Song Lyric of the Day:
So keep your eyes set on the horizon / On the line where blue meets blue / And I would let that silver lining / Where I know it’d find you soon
I’m writing this at 11:30PM because this is the first real free time I’ve had all day. That’s pretty much how things have been going lately, at breakneck speed. The Relay for Life went really well. I made it through the night, which was a bit more challenging for me this year as it was my first night away from Coraline (at 267 days old). Sure, I was still in town, but I wasn’t around for her evening playtime, bedtime ritual, or morning wakeup. As it turned out, after being up for almost 24 hours straight, I only managed to quasi-nap for about three hours when I got home the morning after the Relay. The rest of the day I would essentially pass out anytime I sat down or got comfortable. Made for a long weekend. This year it took me about three days to feel like I’d fully recovered from the Relay — sucks getting older sometimes.

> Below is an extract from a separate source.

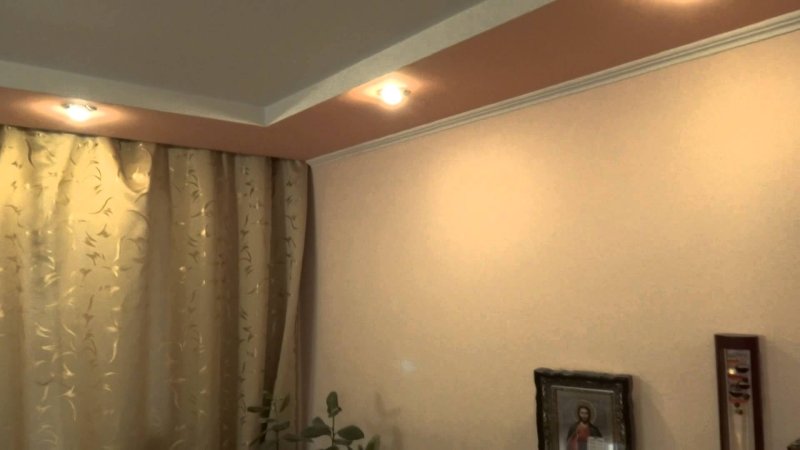 Потолок из гипсокартона в хрущевке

The week after the Relay was a doozy. Rich went out of town for work for the first time in ages, the first time Coraline and I would be alone in our new house. Rich was only gone one night, but that happened to be the Night the Lights Went Out in Knoxville. No sooner had I put Coraline to bed than a massive storm moved in, causing our lights to flicker a couple of times. I managed to find flashlights and candles just in time for when the power fully went out. I managed to get a few messages out via Twitter/Facebook using my cellphone, but since I don’t have a smartphone (just a semi-intelligent one), I couldn’t receive any responses in return, save for a few Twitter direct messages. The next day my sister came to my and Coraline’s rescue: She brought big bags of ice to try and save food we had in the freezer and then dropped us off at our parents’ house across town so I could work and we could enjoy air conditioning. When Rich got home later that night, he bought more ice to try to keep the stuff in the freezer as frozen as possible. The power ended up being out for four full days, so we lost everything in our main refrigerator in the kitchen as well as in the secondary fridge in our downstairs kitchenette. Rich managed to pack the freezer items into coolers and get them to his parents’ house’s freezer just in time. I can’t tell you how happy I was that he got stuff over there when he did, since I had frozen bags of breastmilk I was in danger of losing, which would have devastated me.

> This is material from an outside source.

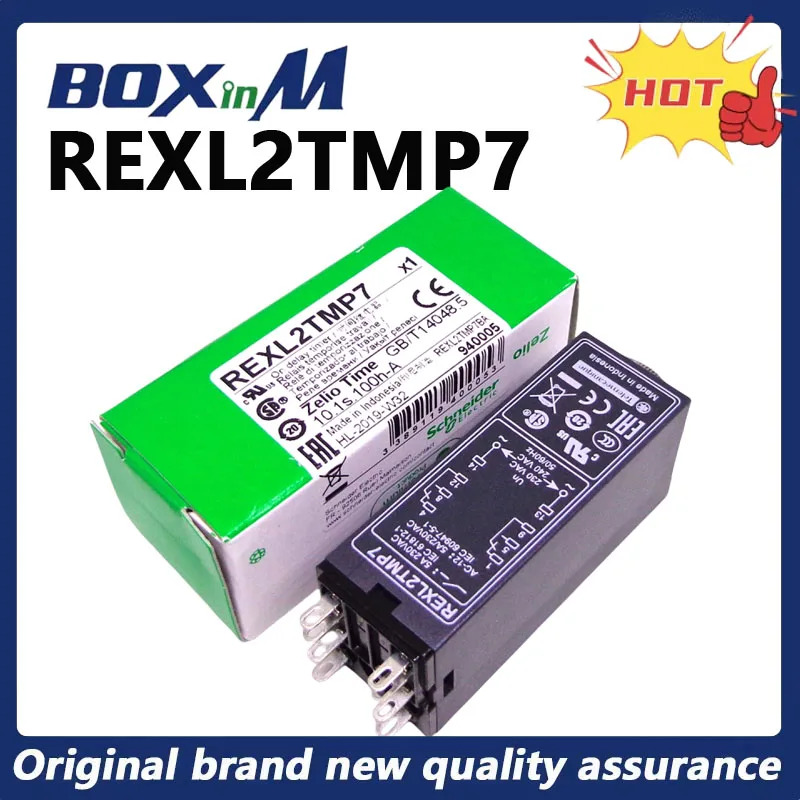 오리지널 Schneider REXL2TMP7 230V 0.1S-100H 시릴레이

We spent the next couple nights coming home from work to a hot, dark house. Thursday night another massive storm hit, which woke me up at 1:45AM and had me up and terrified all night that a tornado was going to hit — it was that bad. The next night, Friday, we packed up for our friends’ house in Sequoyah Hills; they’d invited us to stay at their house since their power had been restored the day before. Coraline and I spent two nights sleeping in air-conditioned luxury there, while Rich took one for the team and came home to sleep at our house for the dogs’ sakes and for protection (the security system’s battery backup had only lasted the first 12 hours of the power outage). We were so grateful to Don and Fran, Coraline’s honorary grandparents, for welcoming us into their home, particularly since their grandson Thomas was visiting at the time. We had fun swimming in their pool that Saturday afternoon — Coraline’s first time in a real pool — and eating yummy burgers after. It was a little while after that dinner that our next-door neighbor’s son texted Rich saying “I think I saw lights come on in your basement.” Turns out Abraham was right and that our power had been restored; his family, however, would be without power two more days as a tree had fallen and ripped the power lines from their house. Rich went home that night and left Coraline and I at Don and Fran’s since it would be hours before our house would be fully cooled off again. He came and picked us up Sunday morning, and it was glorious to go home and have power again.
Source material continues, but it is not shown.